Instructions for the task:
Skip every image and restate the data word for word.

*** Data shown ***

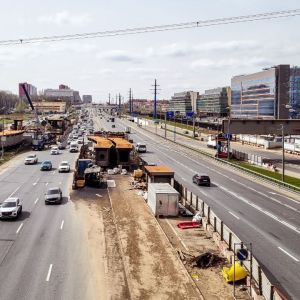 КАЛУЖСКОЕ ШОССЕ В НОВОЙ МОСКВЕ. ЛЕВОПОВОРОТНАЯ ЭСТАКАДА К СТРОЯЩЕЙСЯ СТАНЦИИ МЕТРО "КОРНИЛОВСКАЯ" Продолжается строительство...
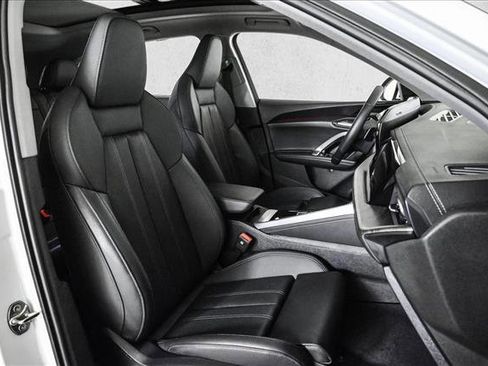 New 2025 Audi Q5 Premium Plus image 22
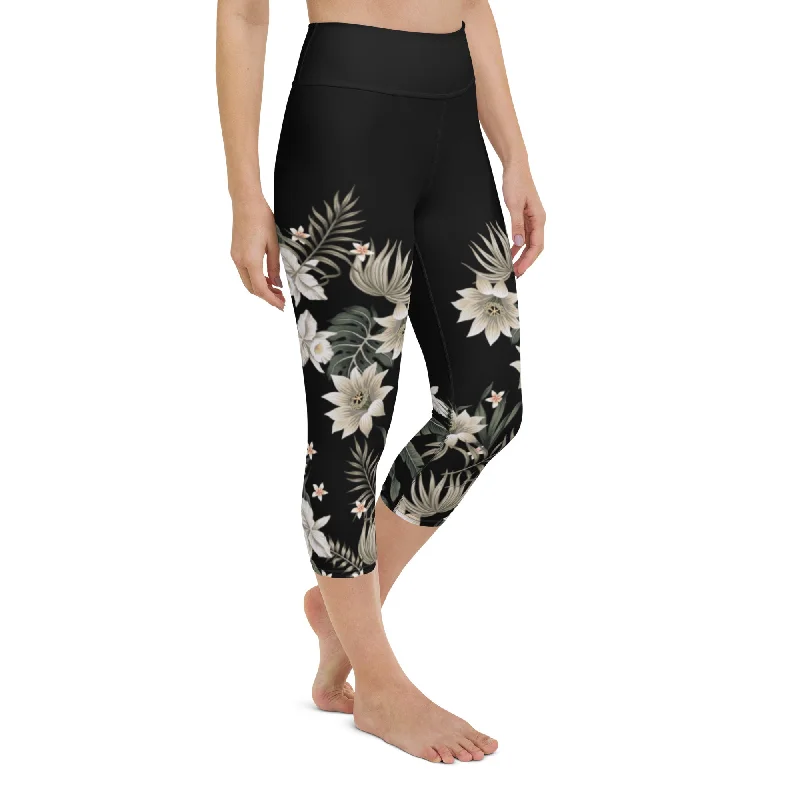 Women's UPF 50 Cropped Swim Pant, Black Hawaiian Lily Swim Capri Leggings Full Coverage Swimsuit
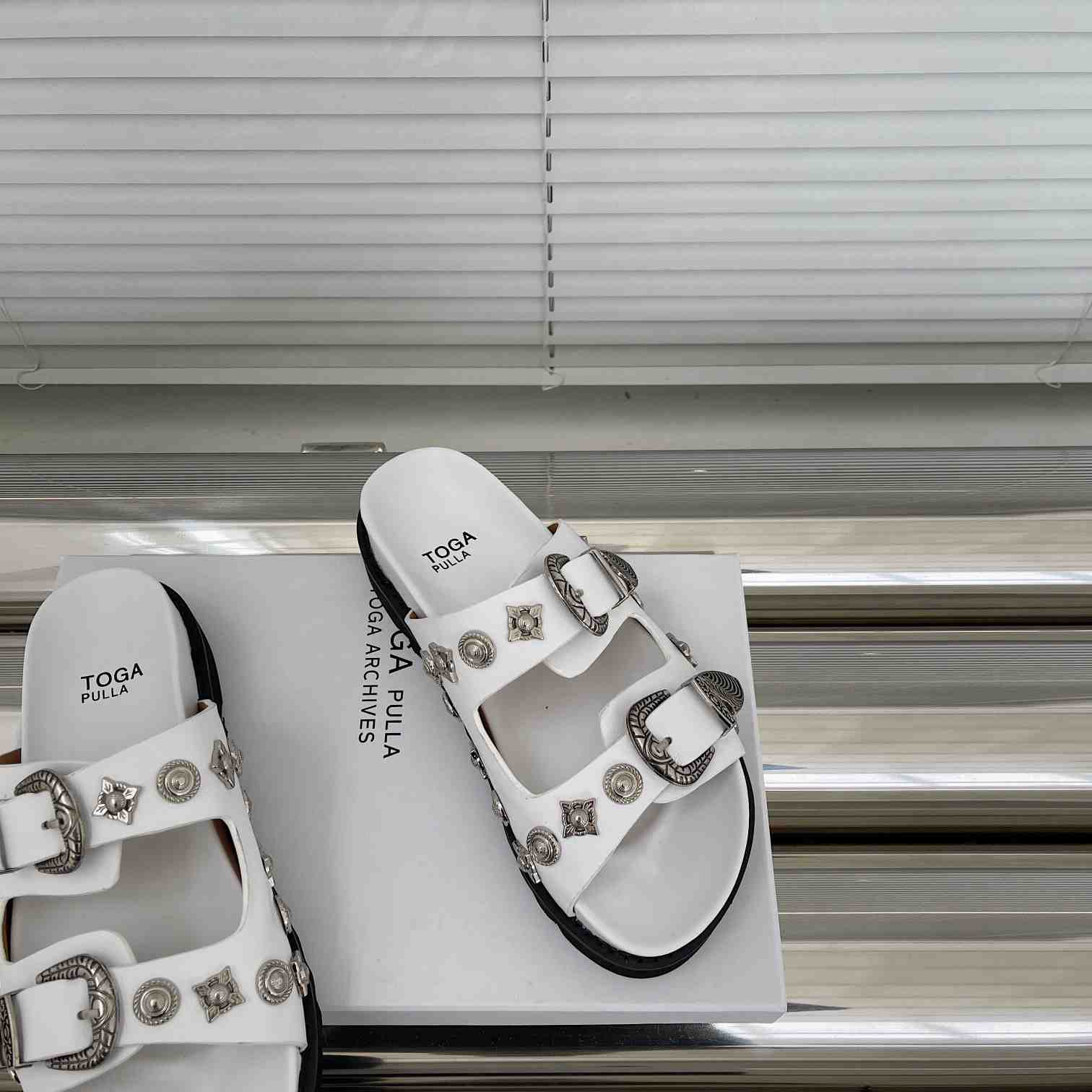 Toga Virilis Studded Leather Slides - everydesigner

*** End of Data shown ***

Answer to this exercise:
 КАЛУЖСКОЕ ШОССЕ В НОВОЙ МОСКВЕ. ЛЕВОПОВОРОТНАЯ ЭСТАКАДА К СТРОЯЩЕЙСЯ СТАНЦИИ МЕТРО "КОРНИЛОВСКАЯ" Продолжается строительство...
 New 2025 Audi Q5 Premium Plus image 22
 Women's UPF 50 Cropped Swim Pant, Black Hawaiian Lily Swim Capri Leggings Full Coverage Swimsuit
 Toga Virilis Studded Leather Slides - everydesigner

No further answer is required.